▸ **PROBLEM**
Would you print the whole listing again, word for word?

▸ **DATA BLOCK**
....
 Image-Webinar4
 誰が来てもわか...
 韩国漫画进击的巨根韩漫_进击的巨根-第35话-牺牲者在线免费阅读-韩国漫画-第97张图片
....
▸ **WRITTEN RESPONSE**
 Image-Webinar4
 誰が来てもわか...
 韩国漫画进击的巨根韩漫_进击的巨根-第35话-牺牲者在线免费阅读-韩国漫画-第97张图片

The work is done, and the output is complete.